_TASK INSTRUCTIONS_. Please write out exactly the lines of the data below from the line holding "Kwueiit 木製トレー 花形" through the line holding "SALE!! Hirado ware, 6 teacups with lids", and leave out the rest.

_DATASET ENTRIES_.

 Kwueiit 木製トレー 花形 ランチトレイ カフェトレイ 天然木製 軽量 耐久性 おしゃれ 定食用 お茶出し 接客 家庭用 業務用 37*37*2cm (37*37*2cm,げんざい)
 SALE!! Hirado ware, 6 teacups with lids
* * *
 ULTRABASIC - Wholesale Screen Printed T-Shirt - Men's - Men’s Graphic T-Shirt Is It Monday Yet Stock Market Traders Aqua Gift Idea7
--
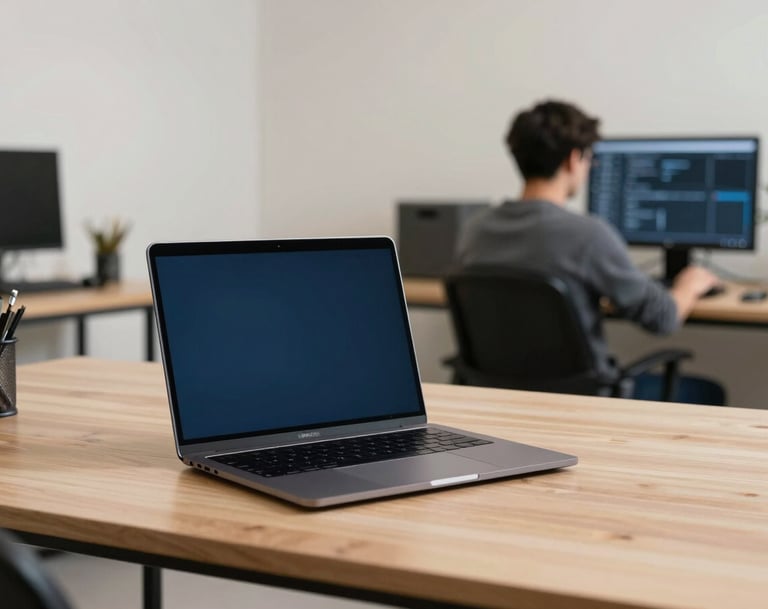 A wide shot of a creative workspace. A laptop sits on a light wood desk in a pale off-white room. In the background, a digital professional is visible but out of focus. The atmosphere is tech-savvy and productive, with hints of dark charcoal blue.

_RESULT OF THIS EXERCISE_.
 Kwueiit 木製トレー 花形 ランチトレイ カフェトレイ 天然木製 軽量 耐久性 おしゃれ 定食用 お茶出し 接客 家庭用 業務用 37*37*2cm (37*37*2cm,げんざい)
 SALE!! Hirado ware, 6 teacups with lids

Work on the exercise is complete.